Detrás del aparentemente inocuo debate educativo sobre básculas y rutinas de ejercicio hay algo mucho más profundo y determinante: dos modelos completamente opuestos del futuro post-obradorista enfrentados a muerte. Uno que quiere abrirle la puerta a los sectores agredidos y demonizados por el viejo líder, reconociendo que sin ellos gobernar es imposible. Y otro que prefiere mantener el discurso de soberanía y pureza ideológica, aunque eso signifique quedarse solos admirando su propia estatua revolucionaria.

¿Colaboración pragmática o confrontación dogmática? 
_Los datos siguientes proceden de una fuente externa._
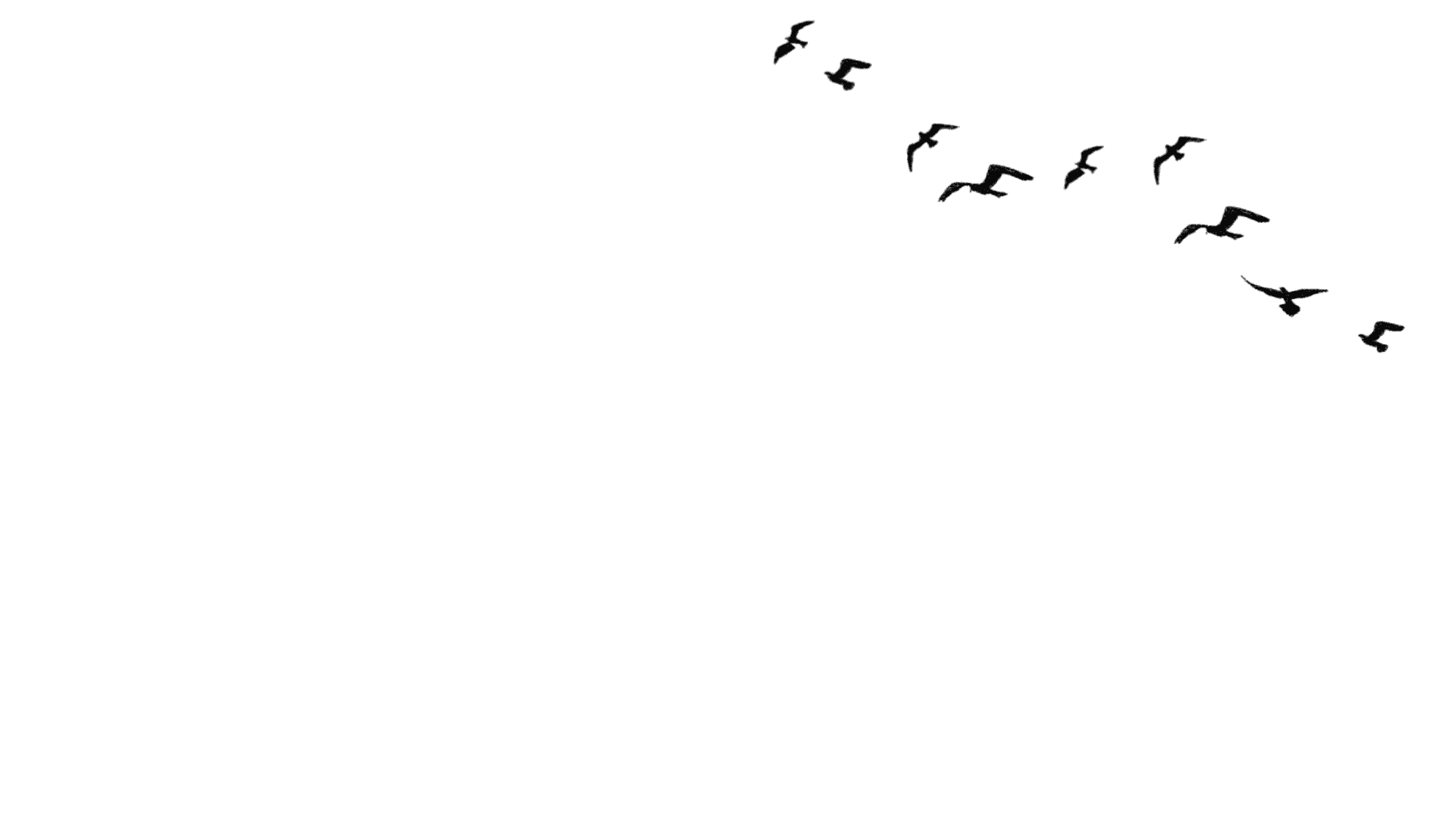 Parallax Section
¿Una '4T' con logos corporativos o una '4T' con dogmas inamovibles? 

La disputa entre Mario Delgado y el ala radical encarnada por Gatell no es anecdótica ni superficial. Es estructural y definirá el rumbo del movimiento después de 2030, cuando ya no exista el recurso de consultar al patriarca en Palenque.

Y en medio de esta batalla ideológica está Claudia Sheinbaum. Callada como en campaña, cautelosa como quien pisa un campo minado, contenida como quien reprime un estornudo en misa. Atrapada entre la pragmática que necesita desesperadamente para gobernar un país con gravísimos problemas reales y el purismo ideológico que no se atreve a desafiar por miedo a perder su base. 

Ésa es la verdadera carga presidencial que nadie mencionó durante la campaña: la de liderar un movimiento sin mando único donde hasta el más insignificante de los enanos se siente con estatura no sólo para pepear la plaza, sino para interpretar la doctrina o hasta reinterpretar el catecismo obradorista según le convenga.

La presidenta con A camina sobre una bamboleante cuerda floja: debajo de ella está un gabinete lleno de intereses personales tan disimulados como un cocodrilo en granja de gallinas. Al frente, un movimiento con urgente necesidad de brújula ideológica pero que se resiste a aceptarla como capitana. Y mientras tanto, los problemas del país —esos por los que supuestamente todos están ahí— esperan pacientemente su turno para mal morir, como buenos pacientes en el IMSS.